#### [Entries shown]
-------------------------
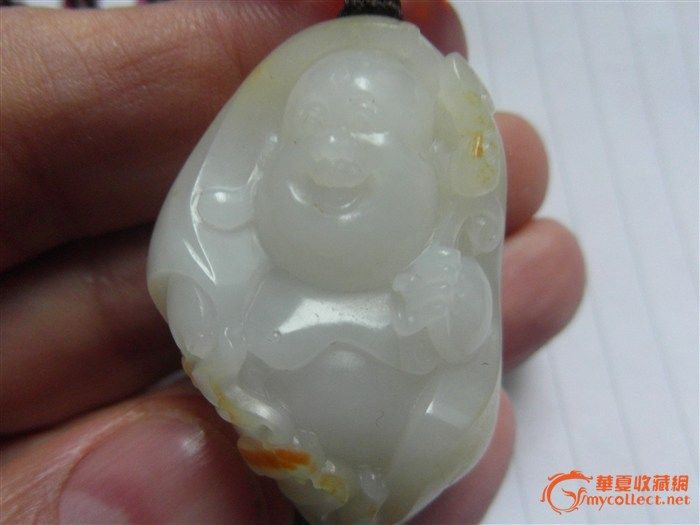 范同生籽料羊脂佛,来自藏友nish-玉器-和田-藏品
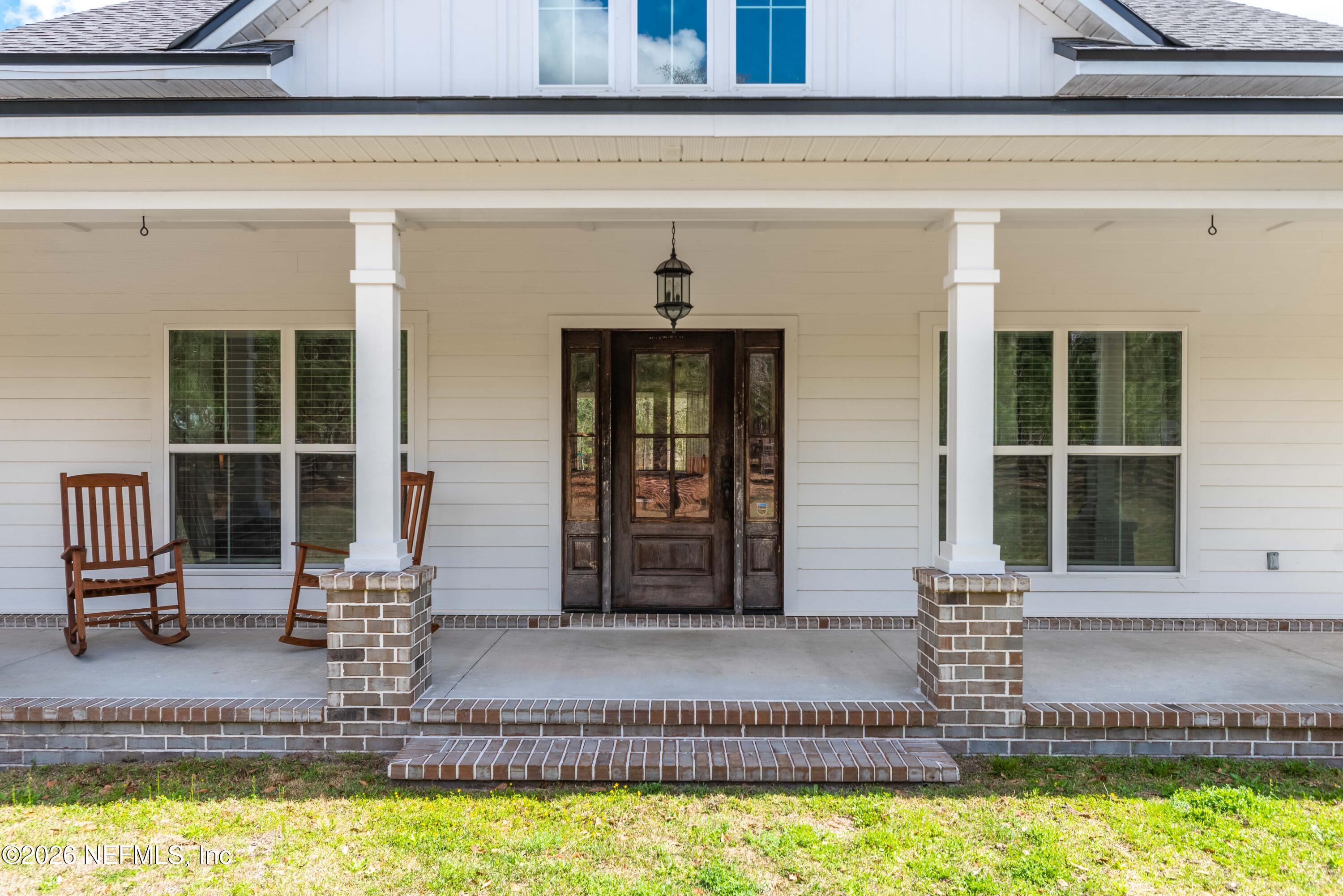 13689 Bob Burnsed Road Glen St. Mary, FL 32040 - Photo 4 of 44 Front Door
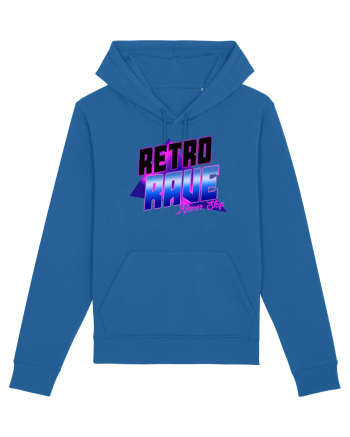 Retro Rave Royal Blue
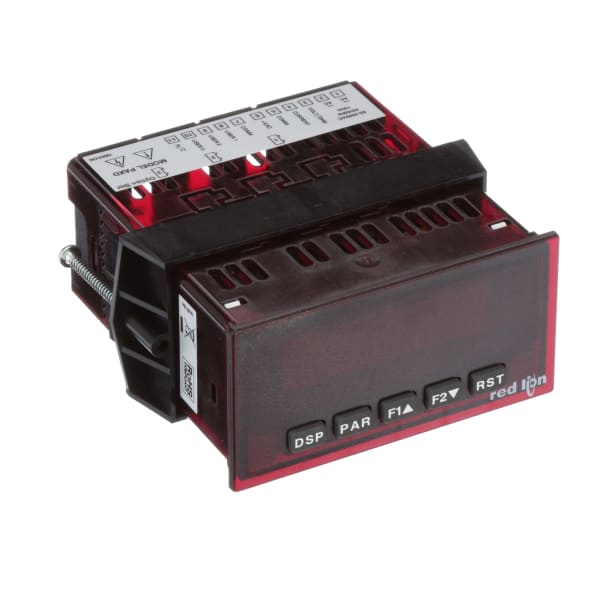 Red Lion Controls PAXD0000 Universal Panel Meter, 85 to 250 VAC, CE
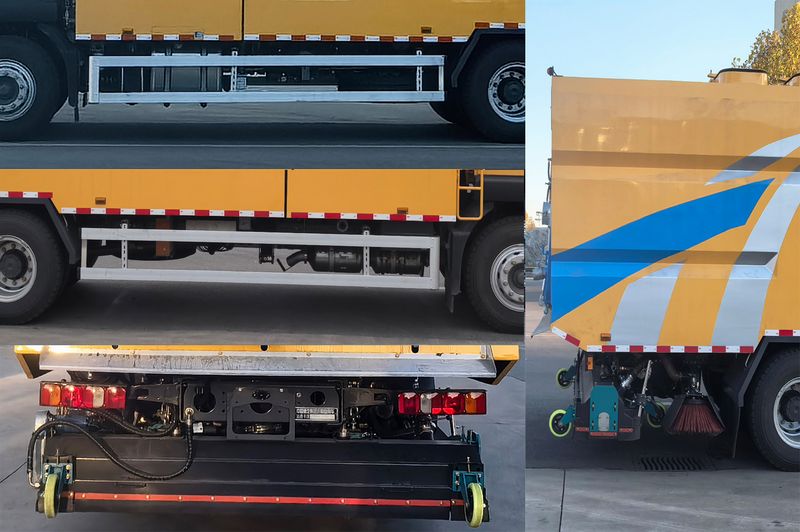 圣岳牌SDZ5180TXCF吸尘车公告图片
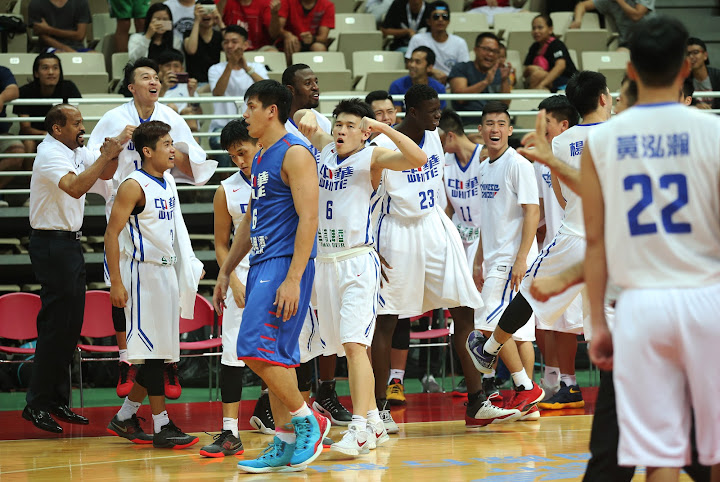 中華白1分險勝中華藍　Parker：這是我們的夜晚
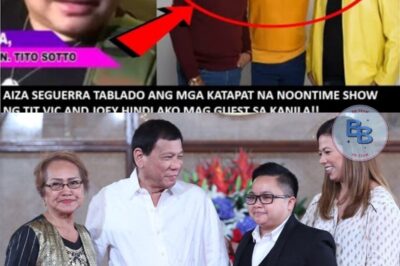 Aiza Seguerra Drops Bombshell: ‘I’ll Stay Away from TVJ, No Matter What…’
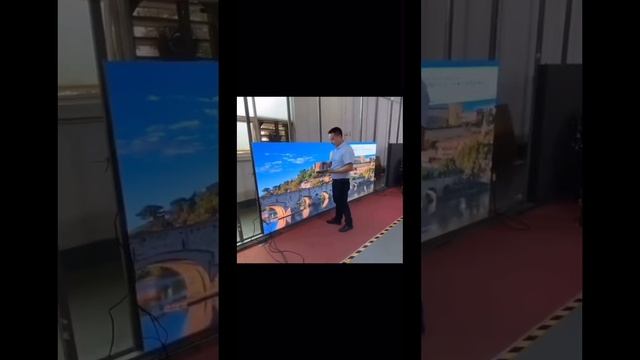 Видеостена представляют собой телевизор собранные из идентичных LCD панелей смотреть онлайн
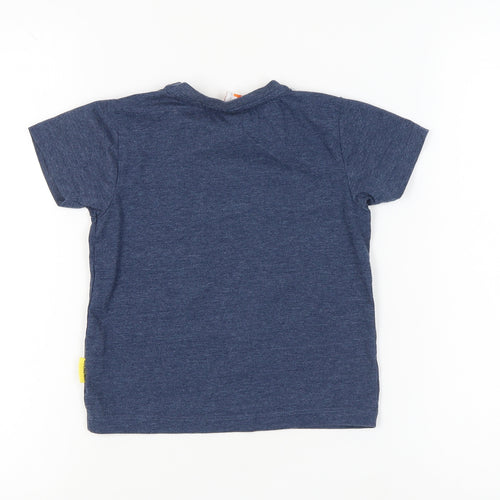 Despicable Me Kids Blue Minions Christmas T-Shirt 5-6Y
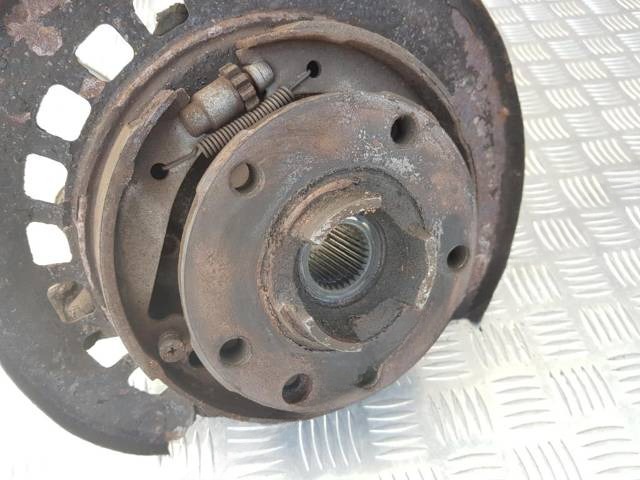Кулак задний левый Audi Q7 4L, 2009 г., OEM 7L8505435, арт. 3406, фото 4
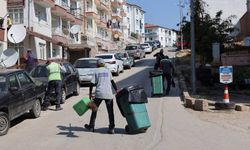 Kırıkkale'de Temizlik Seferberliği Sürüyor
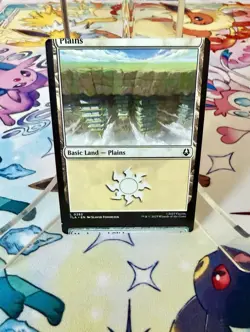 MTG Connected Miscut Pair | Mechanical Glider and Plains | Avatar TLE 0256 - Image 5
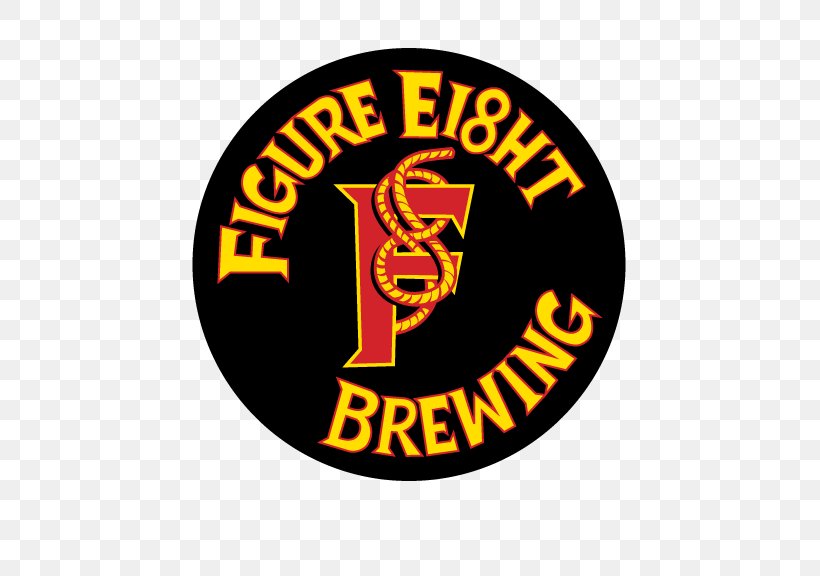 Figure Eight Brewing LLC Beer India Pale Ale Stevens Point Brewery, PNG, 576x576px, Beer, Ale, Area, Badge, Beer Brewing Grains Malts Download Free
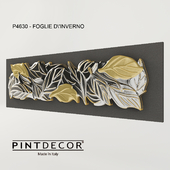 Panel P4630 - FOGLIE D \ &#39;INVERNO Pintdecor factory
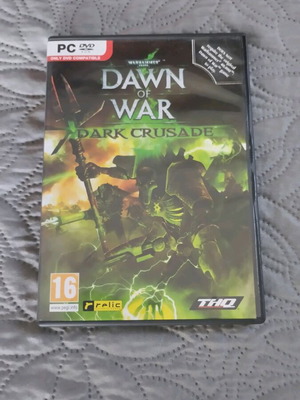 Warhammer 40000 Dawn of War Dark Crusade PC used
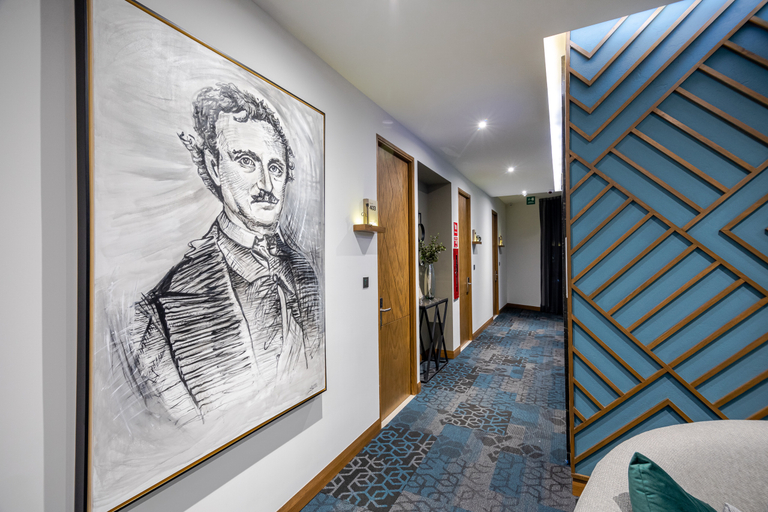 Public Area 3, Becquer Hotel Guadalajara, Guadalajara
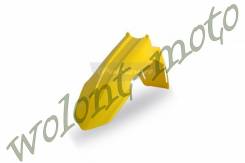 Крыло переднее Polisport RMZ250 10-16/RMZ450 08-16 Желтый 8550500001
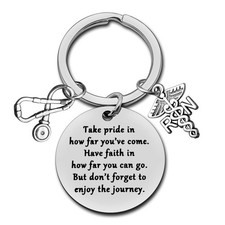 Registered Nurse Gifts Nursing Graduation Gifts RN Nurse Keychain for Women Men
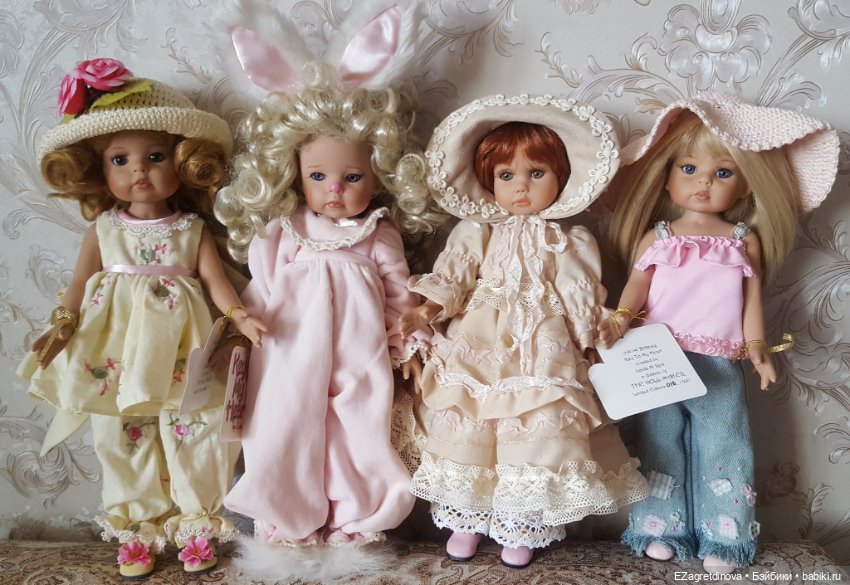 Мои малышки от Линды Рик — Куклы The Doll Maker (Linda Rick): Bonnie Chyle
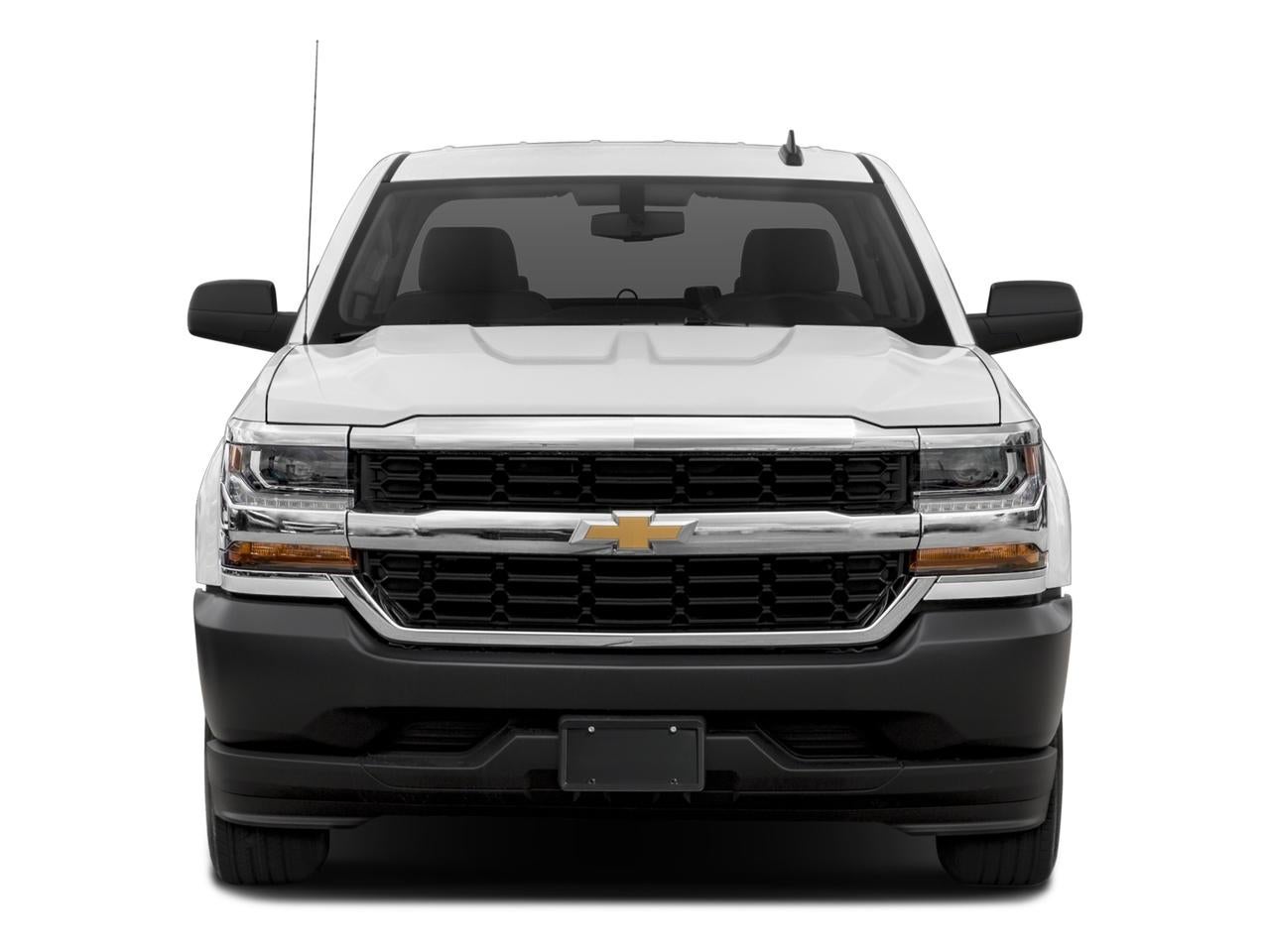 2018 Chevrolet Silverado 1500 Crew Cab Short Box 2-Wheel Drive WT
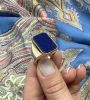 Vintage Lapis Lazuli 10kt. Ring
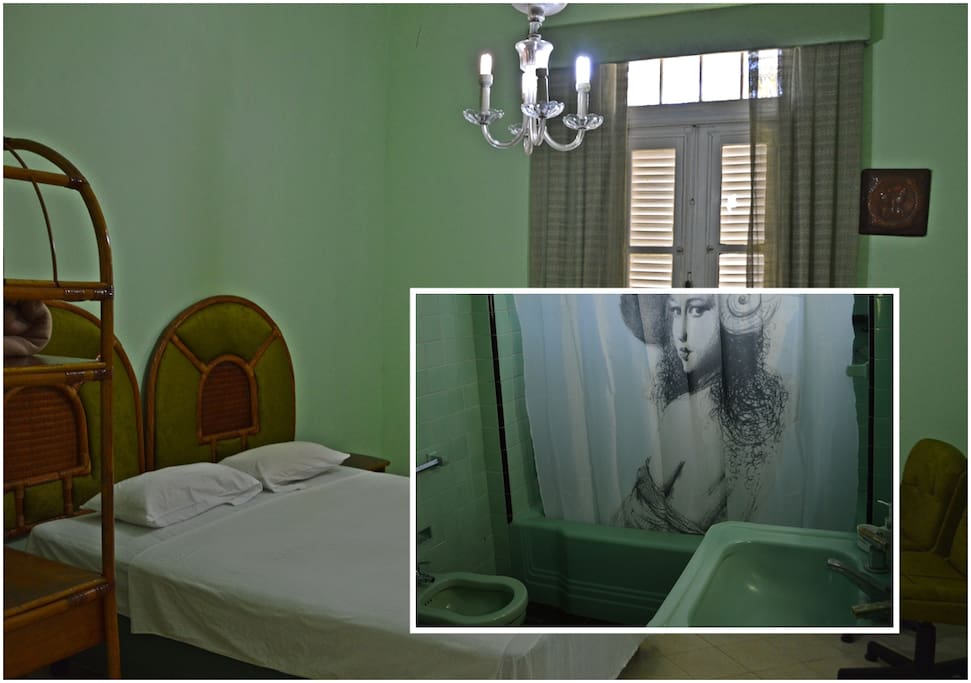 Cuarto 2 y Baño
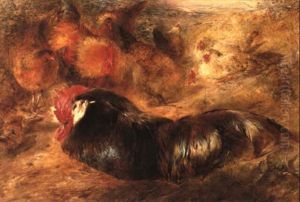 A Group Of Fowl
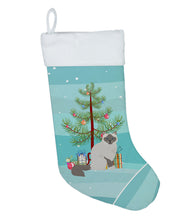 Load image into Gallery viewer, Birman Cat Merry Christmas Christmas Stocking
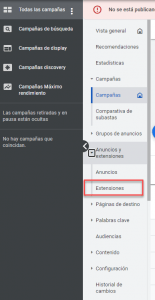 ¿Qué son las extensiones de sitio de Google Ads? - Kampa Pro Agency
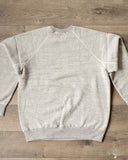 orSlow Loopwheel Crewneck Sweatshirt - Heather Grey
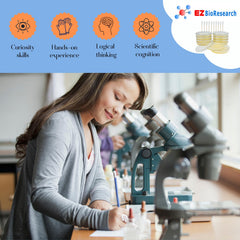 EZ BioResearch ready-to-use kit for home or classroom experiments
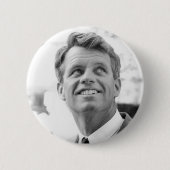 Robert Francis Kennedy Ronde Button 5,7 Cm (Voorkant)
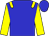 Blue, yellow epaulets and sleeves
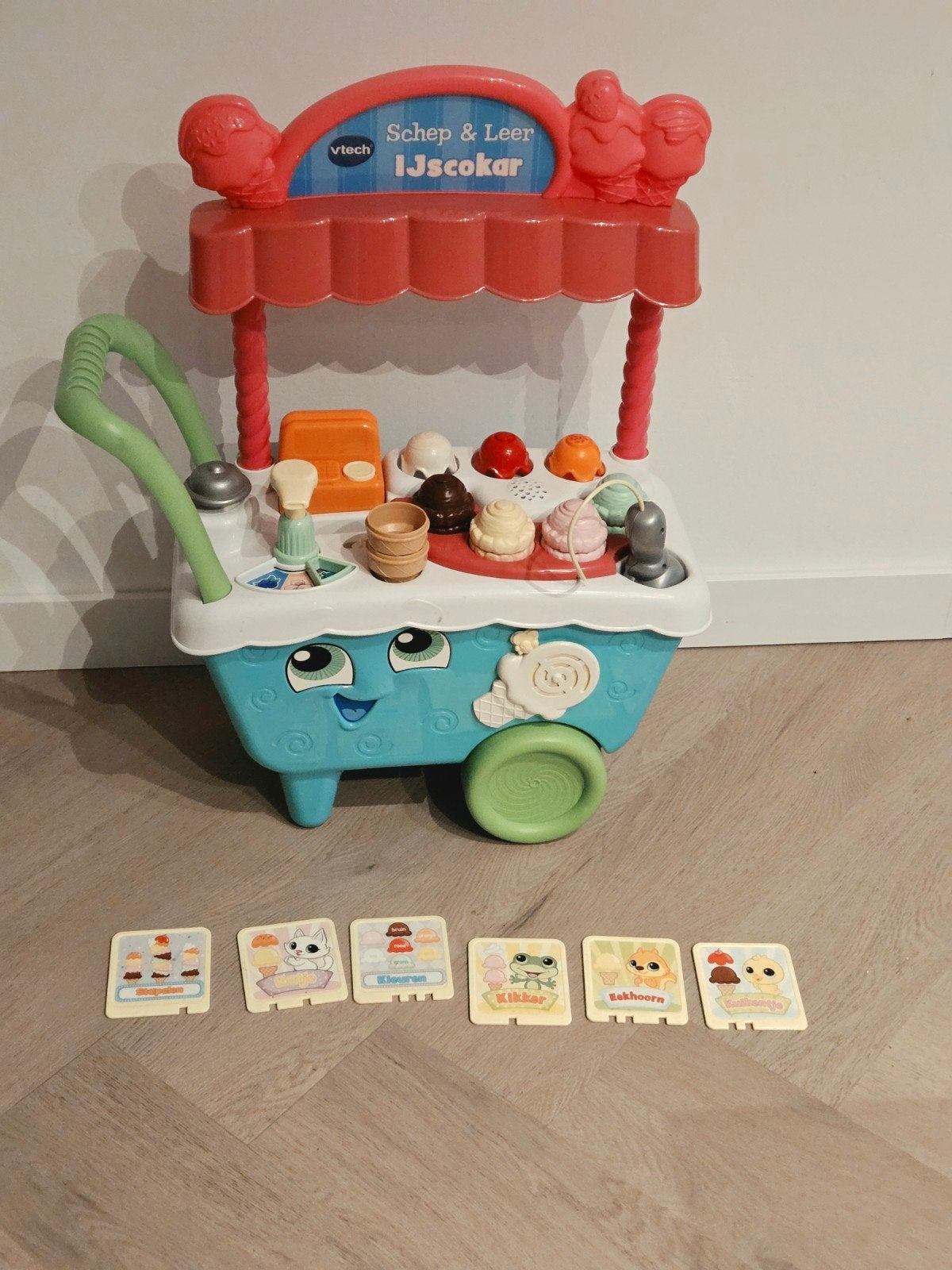 ijskraam v tech, Ophalen of Verzenden, Kunststof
-------------------------
#### [Task objective]
Line by line, restate the data above exactly as it stands, minus the pictures.

#### [Response area]
 范同生籽料羊脂佛,来自藏友nish-玉器-和田-藏品
 13689 Bob Burnsed Road Glen St. Mary, FL 32040 - Photo 4 of 44 Front Door
 Retro Rave Royal Blue
 Red Lion Controls PAXD0000 Universal Panel Meter, 85 to 250 VAC, CE
 圣岳牌SDZ5180TXCF吸尘车公告图片
 中華白1分險勝中華藍　Parker：這是我們的夜晚
 Aiza Seguerra Drops Bombshell: ‘I’ll Stay Away from TVJ, No Matter What…’
 Видеостена представляют собой телевизор собранные из идентичных LCD панелей смотреть онлайн
 Despicable Me Kids Blue Minions Christmas T-Shirt 5-6Y
Кулак задний левый Audi Q7 4L, 2009 г., OEM 7L8505435, арт. 3406, фото 4
 Kırıkkale'de Temizlik Seferberliği Sürüyor
 MTG Connected Miscut Pair | Mechanical Glider and Plains | Avatar TLE 0256 - Image 5
 Figure Eight Brewing LLC Beer India Pale Ale Stevens Point Brewery, PNG, 576x576px, Beer, Ale, Area, Badge, Beer Brewing Grains Malts Download Free
 Panel P4630 - FOGLIE D \ &#39;INVERNO Pintdecor factory
 Warhammer 40000 Dawn of War Dark Crusade PC used
 Public Area 3, Becquer Hotel Guadalajara, Guadalajara
 Крыло переднее Polisport RMZ250 10-16/RMZ450 08-16 Желтый 8550500001
 Registered Nurse Gifts Nursing Graduation Gifts RN Nurse Keychain for Women Men
 Мои малышки от Линды Рик — Куклы The Doll Maker (Linda Rick): Bonnie Chyle
 2018 Chevrolet Silverado 1500 Crew Cab Short Box 2-Wheel Drive WT
 Vintage Lapis Lazuli 10kt. Ring
 Cuarto 2 y Baño
 A Group Of Fowl
 Load image into Gallery viewer, Birman Cat Merry Christmas Christmas Stocking
 ¿Qué son las extensiones de sitio de Google Ads? - Kampa Pro Agency
 orSlow Loopwheel Crewneck Sweatshirt - Heather Grey
 EZ BioResearch ready-to-use kit for home or classroom experiments
 Robert Francis Kennedy Ronde Button 5,7 Cm (Voorkant)
 Blue, yellow epaulets and sleeves
 ijskraam v tech, Ophalen of Verzenden, Kunststof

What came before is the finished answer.